> **WHAT YOU HAVE TO DO**:
The entries must be restated exactly as written.
=-=-=
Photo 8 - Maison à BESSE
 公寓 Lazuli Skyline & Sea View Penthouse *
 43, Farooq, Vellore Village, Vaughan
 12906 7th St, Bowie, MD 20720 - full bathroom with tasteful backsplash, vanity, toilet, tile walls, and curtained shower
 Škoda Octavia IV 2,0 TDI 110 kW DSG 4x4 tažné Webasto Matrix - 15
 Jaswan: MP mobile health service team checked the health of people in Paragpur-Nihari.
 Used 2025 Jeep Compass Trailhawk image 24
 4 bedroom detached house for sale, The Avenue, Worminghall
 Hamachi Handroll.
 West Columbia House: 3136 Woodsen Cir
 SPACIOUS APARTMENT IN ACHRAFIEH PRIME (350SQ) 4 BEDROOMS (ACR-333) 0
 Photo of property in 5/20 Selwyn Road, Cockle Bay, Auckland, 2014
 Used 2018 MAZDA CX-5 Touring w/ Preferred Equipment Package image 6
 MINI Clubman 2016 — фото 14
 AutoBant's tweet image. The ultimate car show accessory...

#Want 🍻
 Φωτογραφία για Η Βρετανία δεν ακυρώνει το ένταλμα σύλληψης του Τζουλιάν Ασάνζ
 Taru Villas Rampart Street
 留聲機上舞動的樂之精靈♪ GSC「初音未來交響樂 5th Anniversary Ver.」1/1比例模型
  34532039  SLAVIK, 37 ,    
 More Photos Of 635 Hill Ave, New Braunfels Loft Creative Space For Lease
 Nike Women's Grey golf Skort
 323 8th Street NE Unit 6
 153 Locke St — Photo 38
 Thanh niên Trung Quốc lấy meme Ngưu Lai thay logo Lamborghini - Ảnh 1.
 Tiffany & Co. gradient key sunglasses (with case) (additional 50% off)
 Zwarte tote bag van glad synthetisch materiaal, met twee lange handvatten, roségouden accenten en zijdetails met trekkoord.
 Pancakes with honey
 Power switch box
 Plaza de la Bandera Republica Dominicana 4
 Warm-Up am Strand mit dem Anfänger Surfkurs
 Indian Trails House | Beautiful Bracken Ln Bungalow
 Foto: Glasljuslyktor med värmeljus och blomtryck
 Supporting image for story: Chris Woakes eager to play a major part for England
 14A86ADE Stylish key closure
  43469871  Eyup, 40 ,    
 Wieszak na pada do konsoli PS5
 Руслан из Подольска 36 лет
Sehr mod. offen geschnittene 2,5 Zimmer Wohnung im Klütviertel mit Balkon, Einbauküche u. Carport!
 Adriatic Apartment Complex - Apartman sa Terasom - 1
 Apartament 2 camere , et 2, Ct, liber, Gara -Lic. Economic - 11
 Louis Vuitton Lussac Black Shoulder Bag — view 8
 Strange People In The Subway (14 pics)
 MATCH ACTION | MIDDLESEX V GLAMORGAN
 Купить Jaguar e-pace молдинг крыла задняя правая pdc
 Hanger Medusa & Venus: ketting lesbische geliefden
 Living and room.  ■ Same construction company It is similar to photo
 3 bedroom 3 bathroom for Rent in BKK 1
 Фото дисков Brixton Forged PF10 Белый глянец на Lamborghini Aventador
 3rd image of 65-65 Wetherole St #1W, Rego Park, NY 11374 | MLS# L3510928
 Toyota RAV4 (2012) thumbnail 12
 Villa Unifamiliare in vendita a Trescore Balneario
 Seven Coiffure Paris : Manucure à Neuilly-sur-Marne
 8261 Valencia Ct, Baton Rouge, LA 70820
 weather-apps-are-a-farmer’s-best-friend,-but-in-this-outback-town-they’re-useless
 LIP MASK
=-=-=
> **EXERCISE RESPONSE**:
Photo 8 - Maison à BESSE
 公寓 Lazuli Skyline & Sea View Penthouse *
 43, Farooq, Vellore Village, Vaughan
 12906 7th St, Bowie, MD 20720 - full bathroom with tasteful backsplash, vanity, toilet, tile walls, and curtained shower
 Škoda Octavia IV 2,0 TDI 110 kW DSG 4x4 tažné Webasto Matrix - 15
 Jaswan: MP mobile health service team checked the health of people in Paragpur-Nihari.
 Used 2025 Jeep Compass Trailhawk image 24
 4 bedroom detached house for sale, The Avenue, Worminghall
 Hamachi Handroll.
 West Columbia House: 3136 Woodsen Cir
 SPACIOUS APARTMENT IN ACHRAFIEH PRIME (350SQ) 4 BEDROOMS (ACR-333) 0
 Photo of property in 5/20 Selwyn Road, Cockle Bay, Auckland, 2014
 Used 2018 MAZDA CX-5 Touring w/ Preferred Equipment Package image 6
 MINI Clubman 2016 — фото 14
 AutoBant's tweet image. The ultimate car show accessory...

#Want 🍻
 Φωτογραφία για Η Βρετανία δεν ακυρώνει το ένταλμα σύλληψης του Τζουλιάν Ασάνζ
 Taru Villas Rampart Street
 留聲機上舞動的樂之精靈♪ GSC「初音未來交響樂 5th Anniversary Ver.」1/1比例模型
  34532039  SLAVIK, 37 ,    
 More Photos Of 635 Hill Ave, New Braunfels Loft Creative Space For Lease
 Nike Women's Grey golf Skort
 323 8th Street NE Unit 6
 153 Locke St — Photo 38
 Thanh niên Trung Quốc lấy meme Ngưu Lai thay logo Lamborghini - Ảnh 1.
 Tiffany & Co. gradient key sunglasses (with case) (additional 50% off)
 Zwarte tote bag van glad synthetisch materiaal, met twee lange handvatten, roségouden accenten en zijdetails met trekkoord.
 Pancakes with honey
 Power switch box
 Plaza de la Bandera Republica Dominicana 4
 Warm-Up am Strand mit dem Anfänger Surfkurs
 Indian Trails House | Beautiful Bracken Ln Bungalow
 Foto: Glasljuslyktor med värmeljus och blomtryck
 Supporting image for story: Chris Woakes eager to play a major part for England
 14A86ADE Stylish key closure
  43469871  Eyup, 40 ,    
 Wieszak na pada do konsoli PS5
 Руслан из Подольска 36 лет
Sehr mod. offen geschnittene 2,5 Zimmer Wohnung im Klütviertel mit Balkon, Einbauküche u. Carport!
 Adriatic Apartment Complex - Apartman sa Terasom - 1
 Apartament 2 camere , et 2, Ct, liber, Gara -Lic. Economic - 11
 Louis Vuitton Lussac Black Shoulder Bag — view 8
 Strange People In The Subway (14 pics)
 MATCH ACTION | MIDDLESEX V GLAMORGAN
 Купить Jaguar e-pace молдинг крыла задняя правая pdc
 Hanger Medusa & Venus: ketting lesbische geliefden
 Living and room.  ■ Same construction company It is similar to photo
 3 bedroom 3 bathroom for Rent in BKK 1
 Фото дисков Brixton Forged PF10 Белый глянец на Lamborghini Aventador
 3rd image of 65-65 Wetherole St #1W, Rego Park, NY 11374 | MLS# L3510928
 Toyota RAV4 (2012) thumbnail 12
 Villa Unifamiliare in vendita a Trescore Balneario
 Seven Coiffure Paris : Manucure à Neuilly-sur-Marne
 8261 Valencia Ct, Baton Rouge, LA 70820
 weather-apps-are-a-farmer’s-best-friend,-but-in-this-outback-town-they’re-useless
 LIP MASK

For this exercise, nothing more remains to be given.